Y no cabe duda de que en el régimen eclesiástico debe haber un orden excelente, por haber sido dispuesto por aquel por quien los reyes reinan y los jueces administran la justicia”. Pero el mejor régimen de la muchedumbre es el monárquico, como se ve si consideramos el fin, que es la paz; pues la paz y la unidad de los súbditos es el fin del gobernante, y más fácilmente logra la paz uno que muchos. Luego se ve que el gobierno de la Iglesia está dispuesto de manera que haya un solo jefe para toda ella.

La Iglesia militante es como una prolongación de la triunfante; por eso San Juan, en el Apocalipsis, “vio a Jerusalén que descendía del cielo”; y a Moisés se le indicó “que hiciera todo conforme al modelo que en la montaña se le había mostrado”. Mas en la Iglesia triunfante hay un solo jefe, es decir, Dios, que lo es también del universo entero, pues se dice: “Ellos serán su pueblo y el mismo Dios será con ellos”. Luego también es uno el jefe universal de la Iglesia militante.

Por esto dice Oseas: “Los hijos de Judá y los hijos de Israel se juntarán en uno y se elegirán un jefe único”. Y el Señor dice: “Habrá un solo rebaño y un solo pastor”.

Y si alguien afirma que Cristo, que es el único esposo de la única Iglesia, es la única cabeza y el único pastor, no se expresa suficientemente, pues consta que Cristo realiza todos los sacramentos de la Iglesia, siendo Él quien bautiza, perdona los pecados, y, además, el verdadero sacerdote que se ofreció en el ara de la cruz y por cuyo poder se consagra diaria, mente su cuerpo en el altar. Pero, como en el futuro no iba a estar presente corporalmente entre los fieles, eligió a los ministros, quienes dispensarían a los fieles cuanto hemos dicho (c. 74). Luego por esta razón, porque había de substraer su presencia corporal de la Iglesia, fue menes ter que comisionara a otro para que, haciendo sus veces, rigiera toda la Iglesia. Por esto, antes de la ascensión, dijo a Pedro: “Apacienta mis ovejas”; y antes de la pasión: “Tú, una vez convertido, confirma a tus hermanos”; y sólo a él prometió: “Yo te daré las llaves del reino de los cielos”, manifestando que la potestad de las llaves debía transmitirla él a los otros, para conservar la unidad de la Iglesia.

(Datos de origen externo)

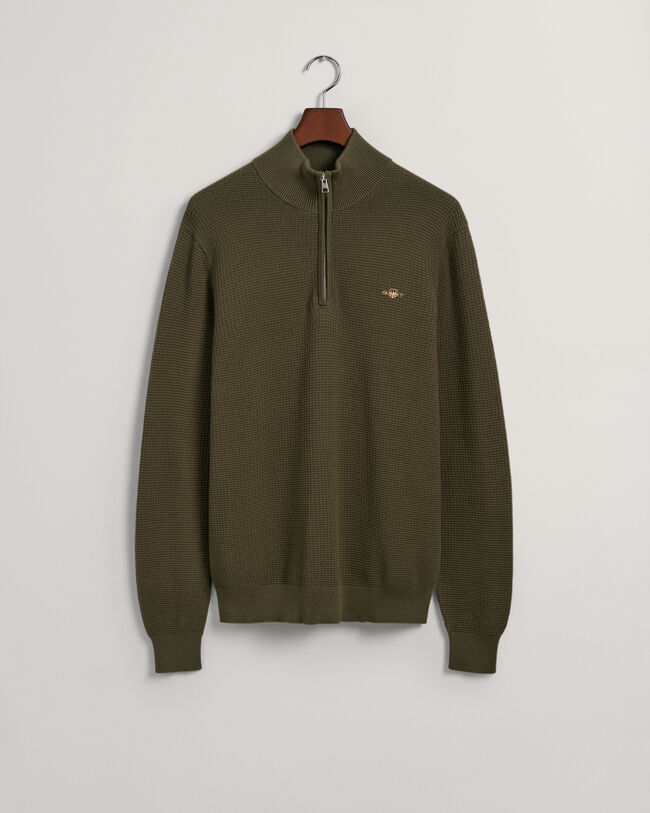 Tekstureret sweater af bomuld med halv lynl&aring;s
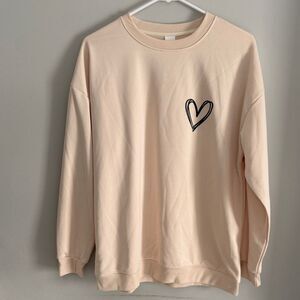 Heart Embroidered Cream Sweatshirt. Size L. Perfect for Valentines Day!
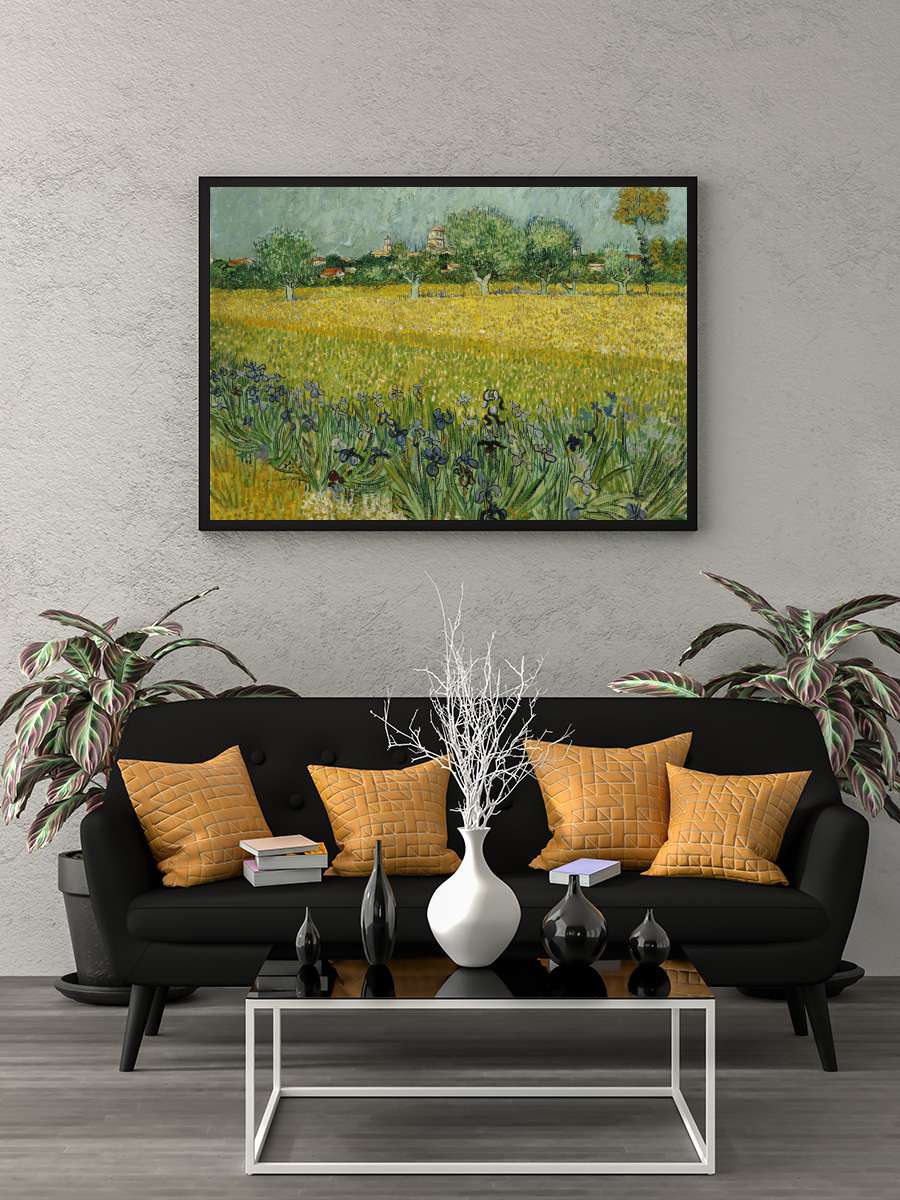 Field with Flowers near Arles,… Arles, 1888 Sanatsal Modern Tablo Siyah Çerçeveli Poster Modern Duvar Tablo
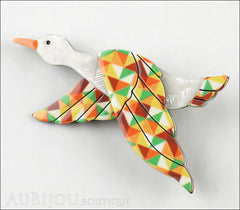 Erstwilder Bird Brooch Pin Dancing Duck Goose Multicolor Front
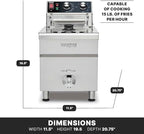 Waring Commercial 15lb Heavy-Duty Deep Fryer, for French Fries, Calamari and Dumplings, WDF1700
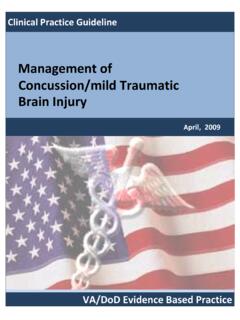Management of Concussion/mild Traumatic Brain Injury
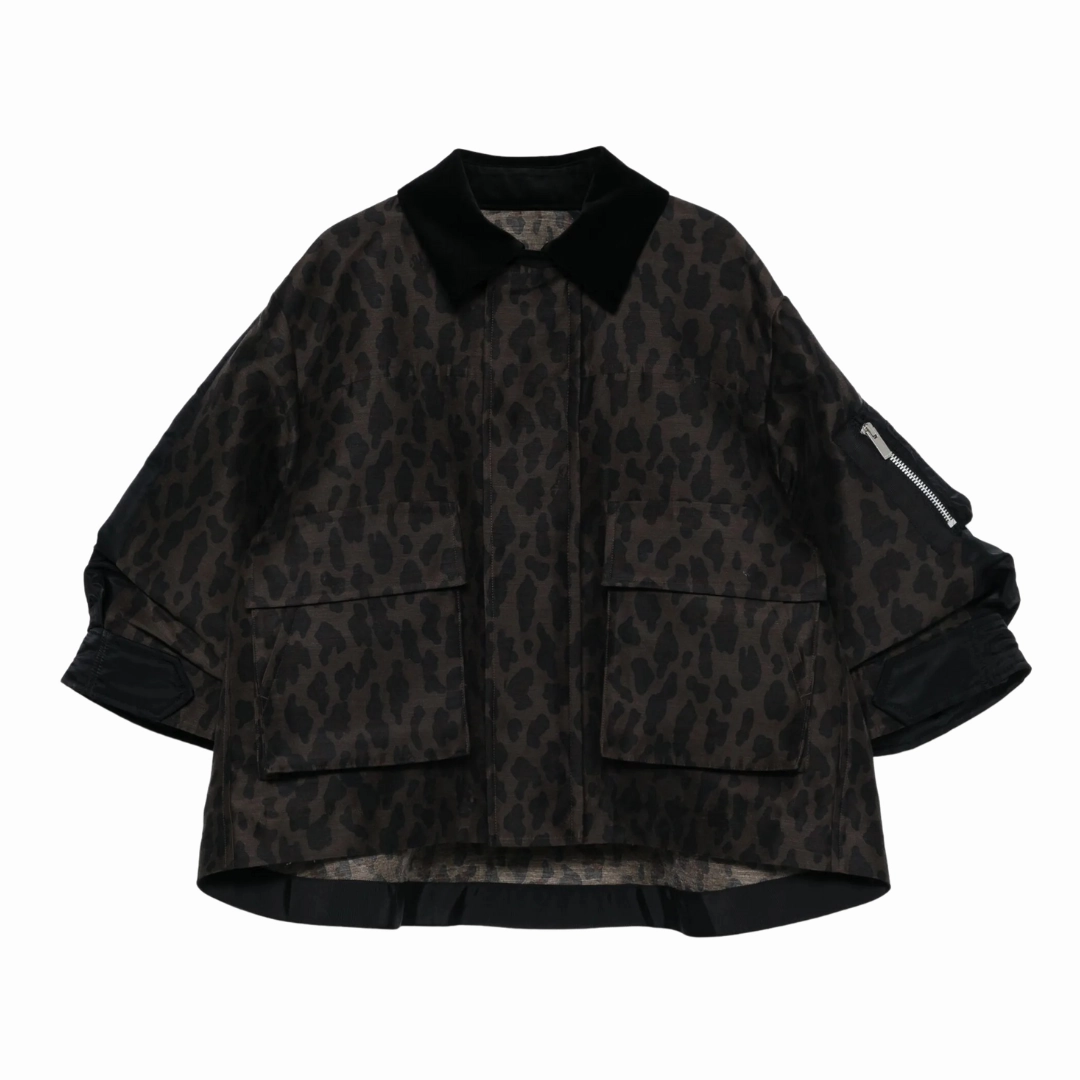 Weekend Outing Wear Detachable Lining Leopard Print x Nylon Jacket
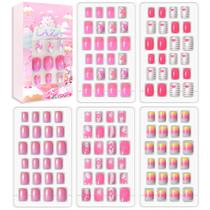 Kit de unhas Laza Pinky Lady, 120 unidades, capa completa para crianças com cola Kit de unhas Laza Pinky Lady, 120 unidades, capa completa para crianças com cola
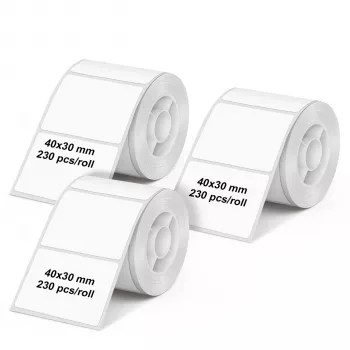 Olympia 6321 hőpapír címketekercs 40 mm x 30 mm fehér 690 címke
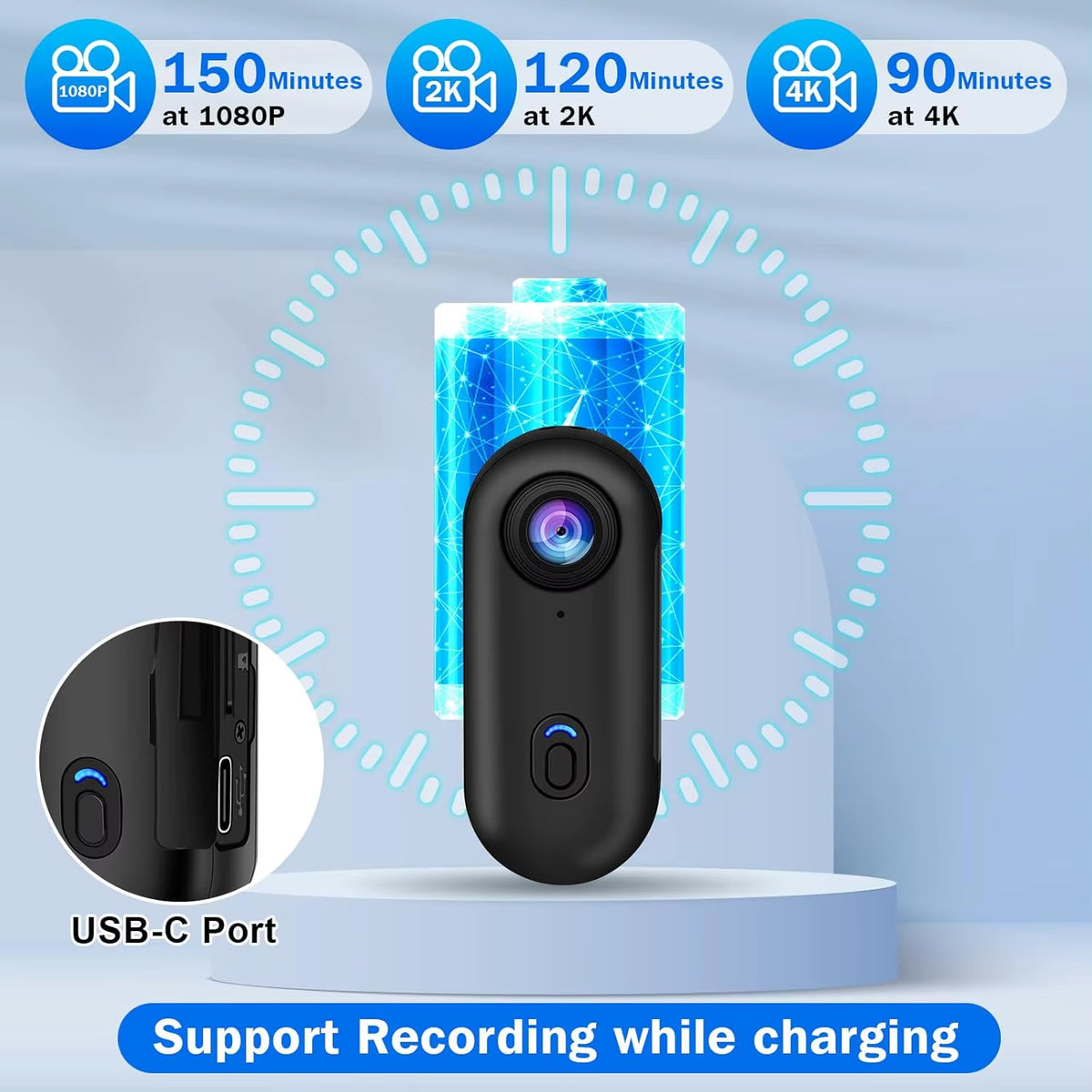 4K Mini Action Camera battery life chart showing up to 150 minutes at 1080p and USB-C charging port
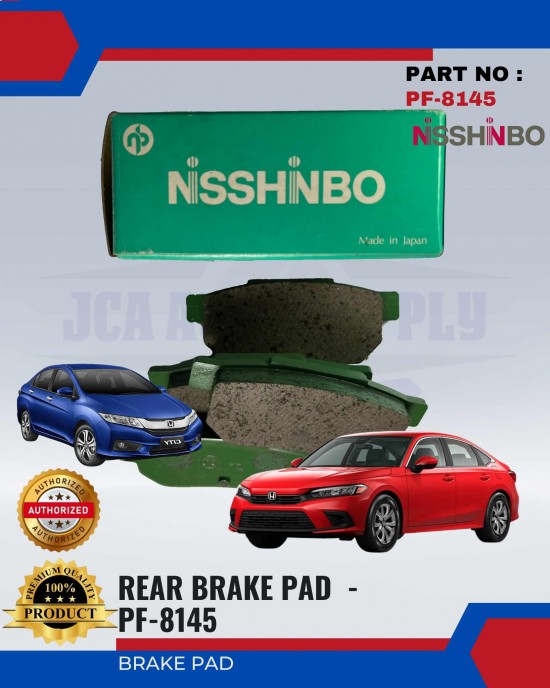 Rear Disc Brake Pad-Honda Civic-City-NISSHINBO-PF-8145 Brake System image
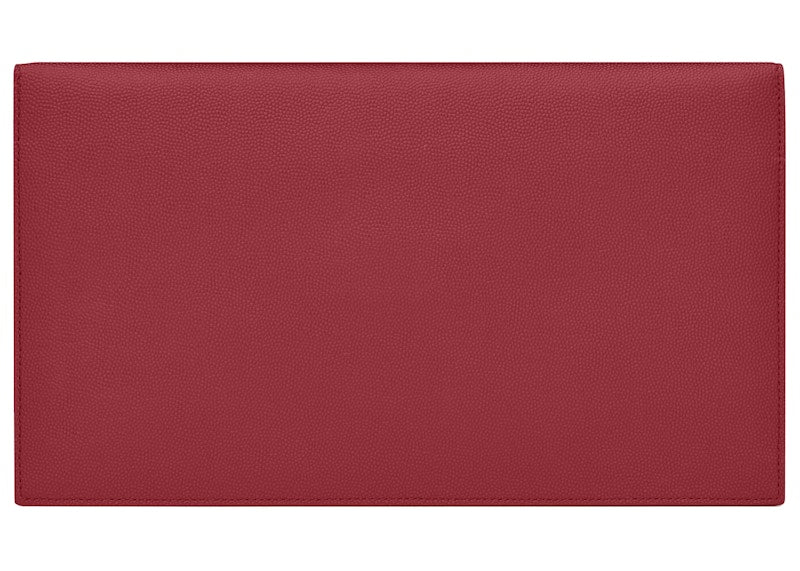 Saint Laurent Uptown Pouch Grain de Poudre Embossed Rouge Opyum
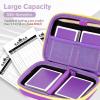 ProCase Collectible Trading Card Case, Hard Travel Carrying Storage Box Holds 300+ Cards for MTG, TCG, Yu-Gi-Oh, Lorcana, Holder Organizer with Removable Divider and Multiple Color Options -Black(Purple)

Lo que no puede decirse es que, aunque confirió a San Pedro esta dignidad, no pueda transmitirse a los demás. Porque nos consta que Cristo instituyó la Iglesia de modo que permaneciese hasta el fin de los siglos, según aquello de Isaías: “Sobre el trono de David y sobre su reino se sentará, para afirmarlo y consolidarlo en el derecho y la justicia, desde ahora para siempre jamás”. Y consta también que a los ministros que entonces vivían los constituyó de tal manera que su potestad se transmitiera a los sucesores hasta el fin de los tiempos, para utilidad de la Iglesia; tanto más cuanto El mismo dijo: “Yo estaré siempre con vosotros hasta la consumación de los tiempos”.

Con esto se rechaza el jactancioso error de algunos, que se empeñan en substraerse a la obediencia y sumisión de Pedro, no reconociendo a su sucesor, el Romano Pontífice, como pastor de la Iglesia universal.